Can you learn from animals? You bet you can. Can you learn things from animals that might influence how you conduct business? I did.
For those of you who know me, you probably know I’m crazy about my dog, Sachi. So it’s inevitable that an anecdote or two about her will crop up from time to time (mostly as an excuse to put pictures of her on the OctoBlog and to drive Ron nuts).
One of the most important things that Sachi taught me is to learn to be calm. You see, Sachi is a rescue. We adopted her from the Toronto Humane Society. She had been found wandering the streets of California malnourished and, evidently, traumatized. We didn’t know at the time that she was so terrified of people. When we met her, she was immediately in our arms covering us with kisses. However, when we brought her home she was terrified of anyone who came into our house.
So we consulted with an animal behaviour specialist. His immediate diagnosis: it was all me. I was too intense. I gave off a vibe that Sachi was picking up on and it was stressing her out. I’ve been told I’m intense my whole life. I never really got it but given the somewhat consistent feedback I guess it has a modicum of truth to it. I prefer to think that it’s just passion and unbridled enthusiasm but impressions are impressions and it’s important to know how you are perceived by people: both negatively and positively. And Sachi was really the first time I took the feedback seriously and learned to change to help reduce her anxiety and increase her confidence.
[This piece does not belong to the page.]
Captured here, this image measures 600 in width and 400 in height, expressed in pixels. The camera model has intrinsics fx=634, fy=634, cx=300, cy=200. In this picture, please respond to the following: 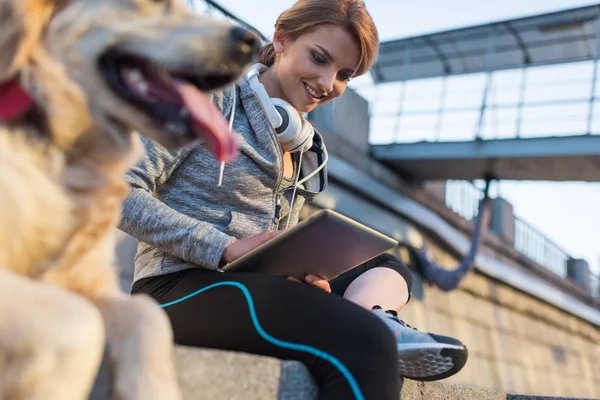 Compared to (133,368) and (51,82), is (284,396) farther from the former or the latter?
(51,82)

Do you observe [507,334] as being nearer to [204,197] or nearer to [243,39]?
[204,197]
“And clearly I learned that video calls with a small dog on your lap might not be *the best* idea.”
How has this impacted how I conduct business? Well, believe it or not, I’m calmer. When conflict or challenges arise I have learned not to react but reflect on the reasons that are potentially behind the issue vs reacting to the issue at face value. When I need to confront a difficult conversation I try to reframe it as a positive impact to business instead of fighting to be right. I always say – there are two sides to every story and the truth usually lies somewhere in the middle. And once you get to the truth that’s when you can start to fix wrongs, course correct errors and forge deeper and more meaningful relationships. Who knew it would take the challenges of a tiny dog to open my eyes to a wealth of wisdom that’s empowered me to get more out of every business interaction with calm confidence.